----- Data for analysis -----
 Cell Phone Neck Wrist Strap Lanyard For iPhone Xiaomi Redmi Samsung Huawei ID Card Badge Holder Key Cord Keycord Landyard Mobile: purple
-----
----- Data for analysis -----
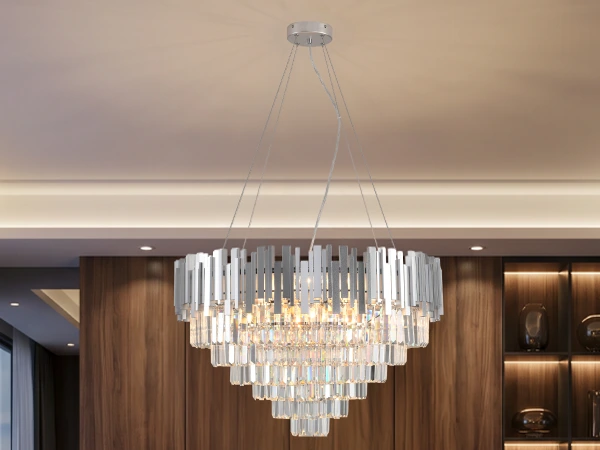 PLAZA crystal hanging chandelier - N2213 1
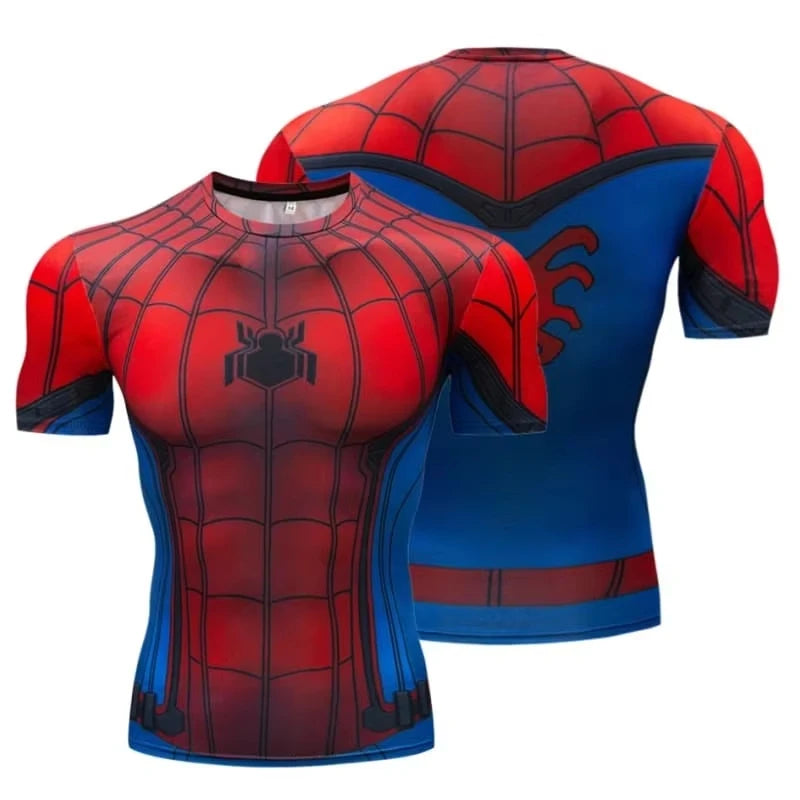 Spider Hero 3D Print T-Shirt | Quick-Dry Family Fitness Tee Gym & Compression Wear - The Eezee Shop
-----
In the records above, find the line with "PLAZA crystal hanging chandelier - N2213 1". Print exactly from there through the line with "Spider Hero 3D", minus the pictures.

 PLAZA crystal hanging chandelier - N2213 1
 Spider Hero 3D Print T-Shirt | Quick-Dry Family Fitness Tee Gym & Compression Wear - The Eezee Shop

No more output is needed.